We first consider a simple 1-d regression problem, mapping from an input $x$ to an output $f(x)$. In Figure 1.1(a) we show a number of sample functions drawn at random from the prior distribution over functions specified by a particular Gaussian process which favours smooth functions. This prior is taken to represent our prior beliefs over the kinds of functions we expect to observe, before seeing any data. In the absence of knowledge to the contrary we have assumed that the average value over the sample functions at each $x$ is zero. Although the specific random functions drawn in Figure 1.1(a) do not have a mean of zero, the mean of $f(x)$ values for any fixed $x$ would become zero, independent of $x$ as we kept on drawing more functions. At any value of $x$ we can also characterize the variability of the sample functions by computing the variance at that point. The shaded region denotes twice the pointwise standard deviation; in this case we used a Gaussian process which specifies that the prior variance does not depend on $x$.
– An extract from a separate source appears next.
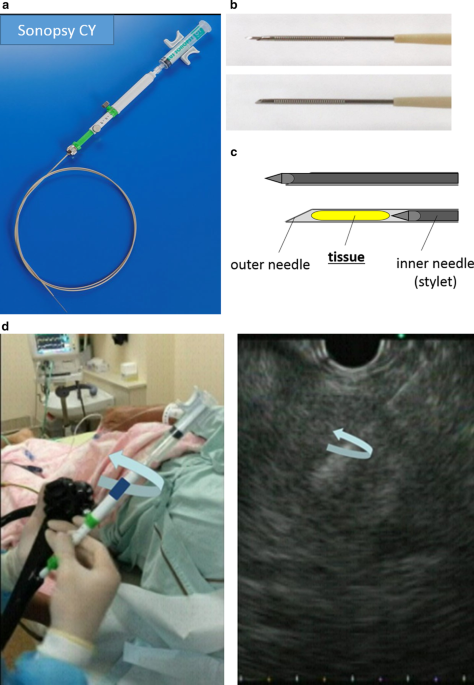 Utility of a 21-gauge Menghini-type biopsy needle with the rolling method  for an endoscopic ultrasound-guided histological diagnosis of autoimmune  pancreatitis: a retrospective study | BMC Gastroenterology | Full Text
Suppose that we are then given a dataset $\mathcal{D} = \{(\mathbf{\mathrm{x}}_1,y_1),(\mathbf{\mathrm{x}}_2,y_2)\}$ consisting of two observations, and we wish now to only consider functions that pass though these two data points exactly. (It is also possible to give higher preference to functions that merely pass “close” to the datapoints.) This situation is illustrated in Figure 1.1(b). The dashed lines show sample functions which are consistent with $\mathcal{D}$, and the solid line depicts the mean value of such functions. Notice how the uncertainty is reduced close to the observations. The combination of the prior and the data leads to the posterior distribution over functions.
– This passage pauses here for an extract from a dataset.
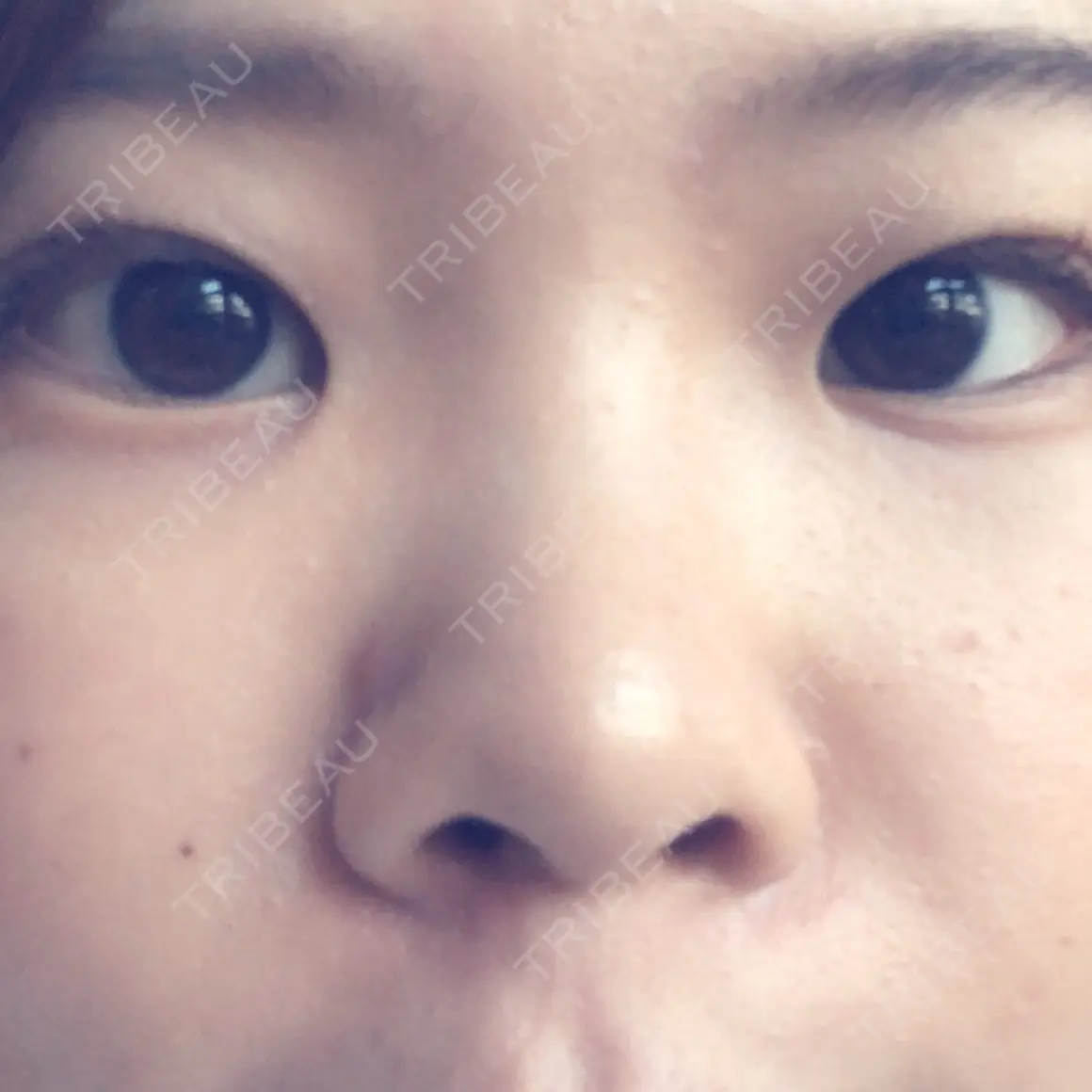 鼻尖形成（切開） / 鼻中隔延長（切開） / 小鼻縮小（切開） / 真皮移植 加美（GAMI）整形外科 AFTER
If more datapoints were added one would see the mean function adjust itself to pass through these points, and that the posterior uncertainty would reduce close to the observations. ...
I am confused by this part:
Notice how the uncertainty is reduced close to the observations.
What does it mean by "close to the observations"? I can see that the shaded region – twice the pointwise standard deviation – is minimal at points where the mean of the sample functions has the same value as the sample functions, but it isn't totally clear to me what the authors are referring to.